→ **What you will do**:
Range to reproduce from the entries below: the line with "Sales executives smiling", the line with "As in the master", and every line in between. Give them exactly and give nothing else.

→ **Study material**:
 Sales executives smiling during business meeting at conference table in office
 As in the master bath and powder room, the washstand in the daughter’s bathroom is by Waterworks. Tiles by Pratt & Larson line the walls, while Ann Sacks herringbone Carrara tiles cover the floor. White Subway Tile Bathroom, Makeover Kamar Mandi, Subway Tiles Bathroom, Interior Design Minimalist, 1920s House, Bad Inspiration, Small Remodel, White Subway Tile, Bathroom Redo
==
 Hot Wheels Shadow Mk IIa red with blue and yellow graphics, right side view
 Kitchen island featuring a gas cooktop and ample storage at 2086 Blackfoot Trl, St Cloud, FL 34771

→ **Result of the task**:
 Sales executives smiling during business meeting at conference table in office
 As in the master bath and powder room, the washstand in the daughter’s bathroom is by Waterworks. Tiles by Pratt & Larson line the walls, while Ann Sacks herringbone Carrara tiles cover the floor. White Subway Tile Bathroom, Makeover Kamar Mandi, Subway Tiles Bathroom, Interior Design Minimalist, 1920s House, Bad Inspiration, Small Remodel, White Subway Tile, Bathroom Redo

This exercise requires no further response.